(p.458) Appendix K Semiconductor quantum wells
(p.458) Appendix K Semiconductor quantum wells
Semiconductor quantum wells are an important class of nanostructures, with many technological applications in optoelectronics and elsewhere. Our particular interest in quantum wells is not so much because of all these wonderful device applications, but because they represent very simple, quasi-one-dimensional model systems which are nice for benchmark calculations in TDDFT. In this appendix, we will review the basic concepts of the electronic structure and excitations of quantum wells, focusing on a particular type of excitation called intersubband plasmon. Readers who wish for a more in-depth treatment of semiconductor nanostructures can choose among a large number of texts; a good place to start is the books by Davies (1998) and Harrison (2005).

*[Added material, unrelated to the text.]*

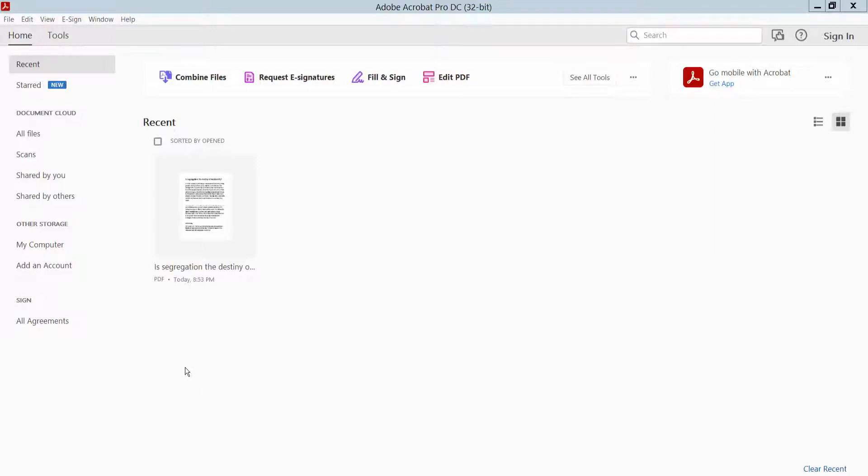Hello everyone, today I will show you how to insert header and footer in PDF for different pages using Adobe Acrobat Pro DC.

The basic geometry of a quantum well is illustrated in Fig. K.1: a layer of semiconductor material A, typically only a few tens of nanometers thick, is sandwiched between layers of another material B. The combination GaAs/AlxGa1–xAs, with 0 < x < 0.3, is very popular since the two materials are almost perfectly lattice-matched. Here and in the following, we take the z-axis to be perpendicular to the layers, i.e., along the direction in which the heterostructure has been grown. The system is assumed to be infinitely extended in the x–y plane. In practice, the system B–A–B of Fig. K.1 will be grown on a substrate and surrounded by additional spacer layers, which, however, are not important for the following considerations.
We will consider quantum well systems that are n-doped; the doping centers are sufficiently far away (this is called “remote doping” or “modulation doping”) that the ionized impurities have little influence on the electron dynamics in the well. The electrons from these remote doping centers accumulate in the quantum well, and the electronic sheet density N s (which measures the number of electrons per unit area) is assumed to be given. In the following, we will describe how to calculate the electronic ground state and dynamics using (TD)DFT in the effective-mass approximation.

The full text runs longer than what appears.